We don’t leave for the hospital for another four hours, which pass like days. I am no longer walking around or leaning on the medicine ball, the pain now beyond alleviation through “the right position.” I’ve taken on a new tack: lying completely still, body lax as if sleeping with my feet in Avi’s lap, channeling all of my energy toward remembering to breathe. Throughout a single contraction I am able to take about four slow, deep breaths, moaning as forcefully as I can throughout the entire exhale, which seems to take a marginal edge off. I’m aware of my parents’ quiet presence, but only vaguely. I want to go to the hospital. Can we go? Is it time? I plead with my doula, as if it were her decision instead of mine. One more shower, she finally says, then we’ll go. I kneel on a towel in the tub, holding Avi’s arms as I expel an angry groan.
Avi steers our Civic through Friday afternoon traffic like he’s landing an airplane in a storm. Hands at 10 and 2 for the first time since his driver’s test. The car is quiet, packed with bags of pajamas and nipple creams and tiny garments. I sit upright, surrounded by pillows, the doula next to me with a reassuring face.

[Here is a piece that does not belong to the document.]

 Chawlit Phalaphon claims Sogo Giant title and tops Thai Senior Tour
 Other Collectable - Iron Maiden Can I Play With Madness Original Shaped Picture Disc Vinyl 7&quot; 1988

The sensation I’m experiencing is so foreign, so intense, that I later have trouble recalling it. In two months, I will accidentally press my finger to a 450-degree pan, and the pain that follows—acute, severe, but lacking sharpness—invites a flash of recognition. In the car, the pain is so extreme I can’t express my reaction to it; it requires too much concentration to endure. Avi taps the gas, pain, taps the break, pain, cobblestones, please no, please, please no. When he says we’re halfway there, as if that’s close, I am too preoccupied to voice my disapproval.
After an hour in the car, we pull up to the gates of heaven, Mount Sinai West. I contract in the lobby, in the elevator, in the hallway, at check-in. I lean against walls, on railings, on desks. There is no room for me in Labor and Delivery, the man at the computer dares to say, it will be a little wait. I want to scream, but I can’t, so I moan. Surrounded by women chatting cheerily as they await their inductions, I climb around on an ugly chair like I’m possessed, the only one in labor, desperate, so desperate, for relief. The sun is going down over the buildings outside the window. I watch them as my insides burn. I forget about the baby at all.